Nachdem Caterinas Zofe Giuliana im Frühling den Palazzo verlassen hatte, um einen Genueser Schiffskapitän zu heiraten, war an ihrer statt ihre junge Base Anna ins Haus gekommen. Caterina, die sich schnell mit Anna angefreundet hatte, stellte bald fest, dass diese keineswegs das unverdorbene Mädchen vom Lande war, für das ihr Vater das neue Dienstmädchen halten mochte. Anna hatte schon viele Jungen geküsst – und nicht nur das; mit hochroten Wangen hatte Caterina den Erlebnissen in Heuschobern und nächtlichen Sommerwiesen gelauscht, die Anna Abend für Abend im Flüsterton mit ihr geteilt hatte. Und Anna hatte Caterina auch anvertraut, dass sie ein Auge auf Giovanni – einen der Wächter der di Salernos – geworfen hatte, mit dem sie sich zum Fest des Blutwunders von San Gennaro vor dem Palazzo verabredet hatte.

Caterina hatte einen neidvollen Stich verspürt. Das Fest von San Gennaro, dem Schutzpatron Neapels, war eine der wichtigsten Feierlichkeiten in der Stadt – und eine der lebhaftesten; genau deshalb hatte Caterina noch nie dabei sein dürfen. Der heilige Gennaro war im Zuge der Christenverfolgung den Märtyrertod gestorben. Seine Gebeine und eine Ampulle mit seinem vergossenen Blut hatten in Neapel ihre letzte Ruhestätte gefunden und zweimal im Jahr, im September und am Tag vor dem ersten Sonntag im Mai, ließen die inbrünstigen Gebete der versammelten Gläubigen das vor eintausenddreihundert Jahren geronnene Blut sich verflüssigen. Ein Wunder, das nun schon einige Jahrhunderte lang der Stadt Neapel und ihren Menschen Glück versprach.

Dabei lag Caterina nichts an der feierlichen Messe im duomo, dem mächtigen Dom der Stadt, in dem der alte Ritus des Blutwunders abgehalten wurde. Vielmehr war es das Volksfest rings um den Dom, das Caterina lockte: sich unter die Feierlustigen zu mischen, den Gauklern bei ihren Kunststücken zuzusehen und vor allem zu tanzen, die neapolitanische Tarantella, wild und schwindelerregend schnell.

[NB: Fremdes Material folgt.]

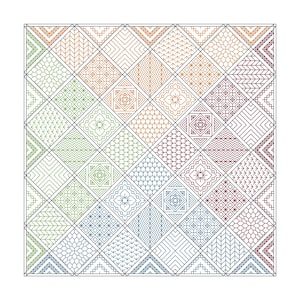 May include: A colourful quilt pattern featuring a range of geometric designs in shades of green, blue, red, and orange. The pattern is made up of small squares arranged in a grid.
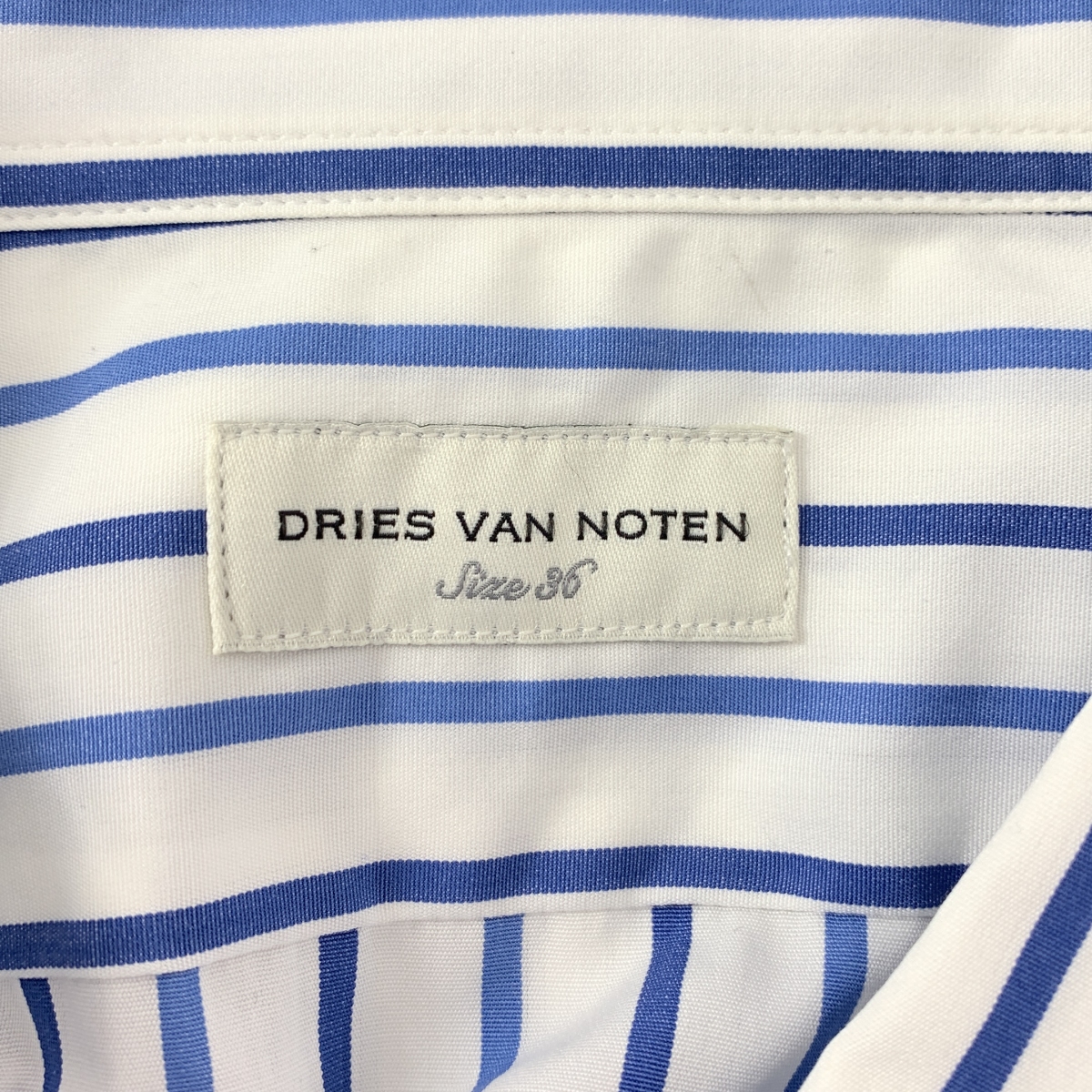 DRIES VAN NOTEN / ドリスヴァンノッテン コットン ストライプ ビッグカラー シャツ ブラウス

Im Nachhinein hatte keines der beiden Mädchen mehr zu sagen gewusst, wer von ihnen als Erste auf den Gedanken verfallen war, Caterina sollte einfach mit auf das Fest kommen. Gemeinsam jedoch heckten sie bis in jede noch so kleine Einzelheit aus, wie dieses Unterfangen zu bewerkstelligen wäre.

Jener Samstag war dafür wie geschaffen gewesen. Anna hatte Caterina nur zu gerne ihre Dorftracht geliehen, konnte sie so doch mit gutem Gewissen ihr schönes messingfarbenes Kleid tragen, das ihr als Dienstkleidung von Federico di Salerno gestellt worden war und ihr so gut zu ihrem schwarzen Haar stand.

Das Kontor war aufgrund des Festtages geschlossen geblieben, der sonst so betriebsame Innenhof des Palazzos lag vollkommen verlassen da. Das immens große Glück aber bestand darin, dass Federico di Salerno, der selbst an hohen Feiertagen zu arbeiten und dabei ruhelos zwischen Geschäfts- und Wohntrakt hin- und herzupendeln pflegte, für ein paar Tage auf Sizilien weilte, der Geschäfte wegen. Daher war es den beiden Mädchen ein Leichtes gewesen, ungesehen durch das Eingangstor zu schlüpfen und sich flugs unter die Schaulustigen entlang der Via Benedetto Croce zu mischen, noch ehe der Wachposten jenseits des Tores sie auch nur aus dem Augenwinkel bemerkt hatte.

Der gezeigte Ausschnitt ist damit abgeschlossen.